Frog Pose - A Breakdown Of Mandukasana
As far as hip openers go, Frog Pose is among the more challenging poses out there. Focusing on the hips and groin muscles, this deep hip opening posture is as much about concentrating on your breathing as it is about working that area of the body. You'll find that Frog Pose can get pretty extreme, and this is why you will need to increase the awareness of your breathing when you practice this posture.
Due to this intense nature of the pose, beginners will want to try other hip openers first, and then work their way up to Frog Pose. Frog Pose is more suitable for intermediate to advanced skill levels to practice. But with plenty of preparation beforehand, like practicing less intense postures such as Child's Pose, you will find your flexibility opening up for Frog Pose in no time.
The Benefits Of Frog Pose
There’s more to Frog Pose than just opening the hips. While the pose puts a major emphasis on the muscles of the inner thighs, stretching this part of the body will also engage your core. So anyone who spends a lot of time in a seated position at work or home will find Frog Pose rather advantageous for reducing the muscle tension and tightness that can occur as a result.
All that time sitting can do a real number on your back and your hips. But when you practice Frog Pose with any level of regularity, the tightness can be reversed and increase your mobility and flexibility. Frog Pose can also improve your overall posture while promoting circulation at the same time.
How To Do Frog Pose
Regardless of your skill level, take care when getting into this position. Be sure you are fully warmed up first by doing lunges and sun salutations to help open the hips and get the body ready for deep stretching. You may even want to start in Child's Pose first to get your knees ready for the stretches you're about to perform.
- Start on all fours along the edge of your mat.
- Bring the knees out wide, past your hips. Your feet should be flexed so that the toes are facing out and your heels positioned behind your knees. If this is uncomfortable, bring the knees back closer to one another or place a blanket or towel under your knees.
- Place your hands forward where you feel most comfortable with the forearms on the ground or placed on top of a block.
- Point the top of your head forward.
- Draw your tailbone backward.
- Maintain the position of the knees so they are placed under your hips.

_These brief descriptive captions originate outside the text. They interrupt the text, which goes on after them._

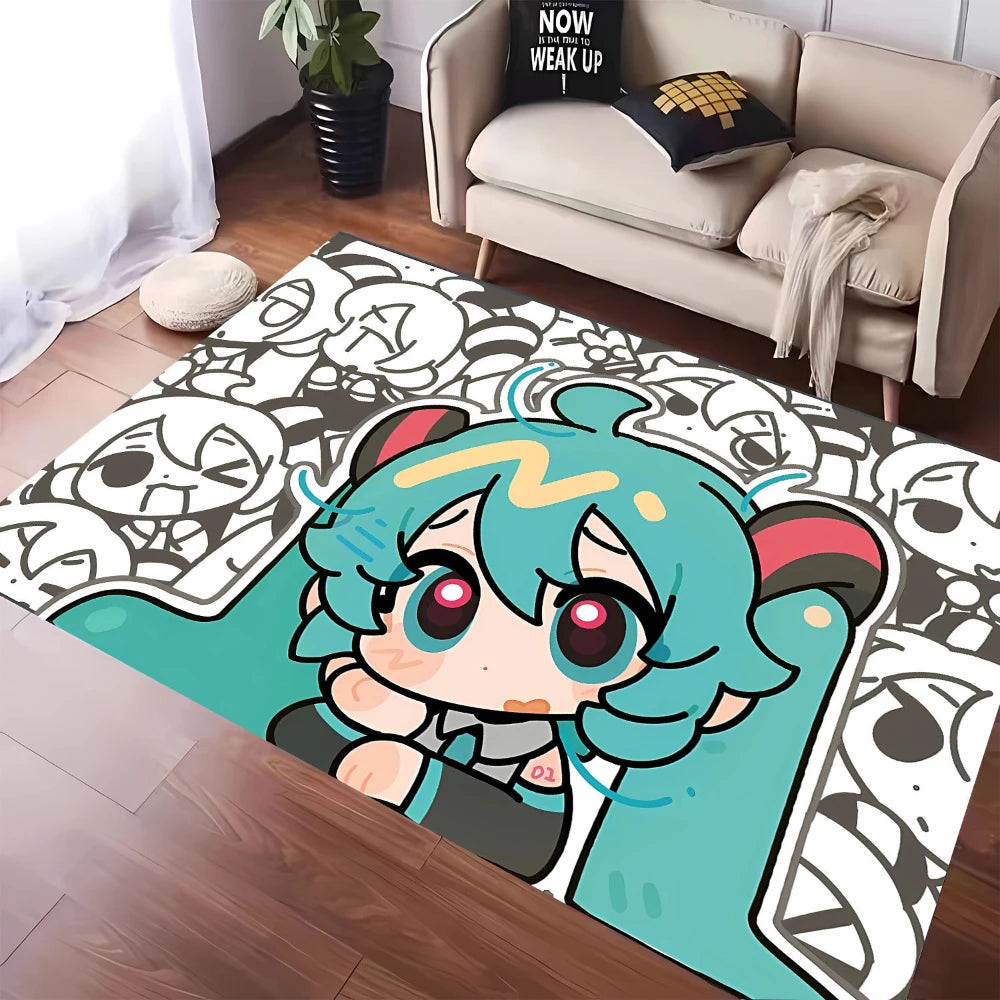 MINISO Cute H-Hatsune M-Miku Tatami Mat Carpet for Balcony Bedside Play Area NonSlip Washable Rug Otaku Home Decor Leisure Rug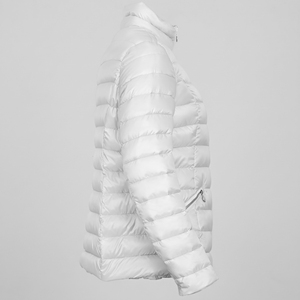 <b>Women's</b> <b>White</b> Quilted Puffer <b>Jacket</b> Stand Collar Zip Up Winter Coat - Product Image 4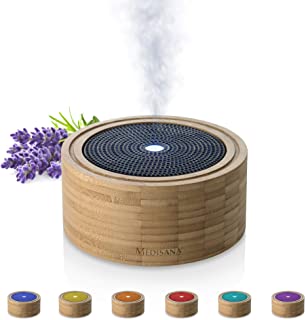 Medisana AD 625 Diffusore di Aromi In Bambù, Nebulizzatore in Legno con Luce Benessere in 6 Colori, per Oli Essenziali Profumat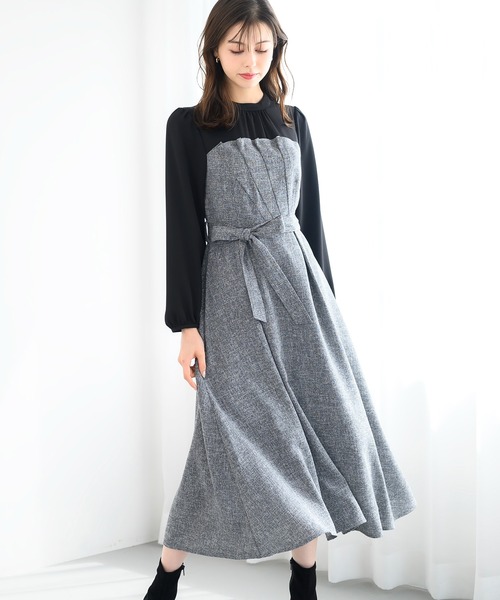 「MISCH MASCH」 長袖ワンピース S グレー レディース_画像4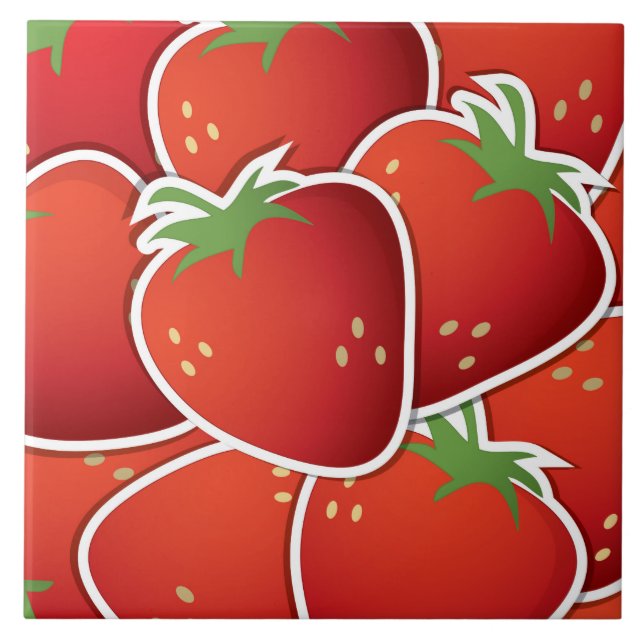 Funky strawberries tile (Front)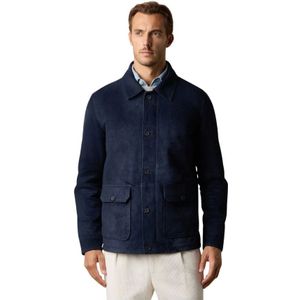 Brooks Brothers, Heren, Jassen, Blauw, Maat: L Suède,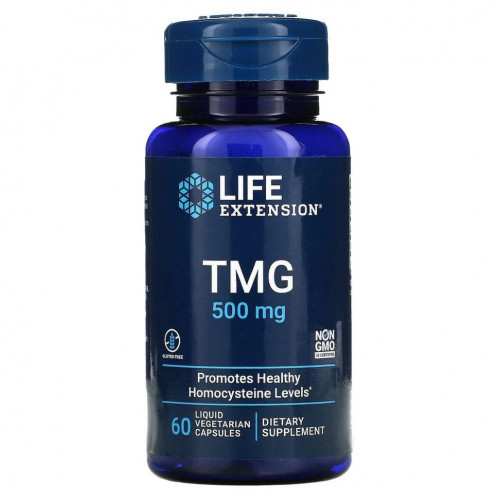 Life Extension, TMG, триметилглицин, 500 мг, 60 вегетарианских капсул с жидкостью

- Bring your belly up from the floor.
- Hold the pose for as long as you feel comfortable - whether that's thirty seconds or two minutes is up to you. Just make sure you're not forcing yourself to hold the pose for longer than you should. Listen to your body, and if something hurts stop.
Some Adjustments To Frog Pose
Even skilled veterans may find Frog Pose a little too challenging at first. Always take it easy when you're working with this pose by starting slow and making any adjustments necessary to ease discomfort and avoid potential injury. Here are some things to remember as you start:
- Find your comfort zone and stick with it. If that means shuffling around to get your hips to open a little further or to cat/cow your back to make the pose more comfortable, then feel free to do that.
- Use accessories when necessary. A bolster under the chest to support your upper body or a blanket or towel under the knees to support your legs will do wonders for your ability to perform and hold Frog Pose.
Variations On Frog Pose
Try these variants to get even more benefit from Frog Pose.
While resting on your stomach, hold only one of your legs straight instead of two and draw the other one in line with the hips. Hold the position for your desired length and then repeat the variation on the opposite leg.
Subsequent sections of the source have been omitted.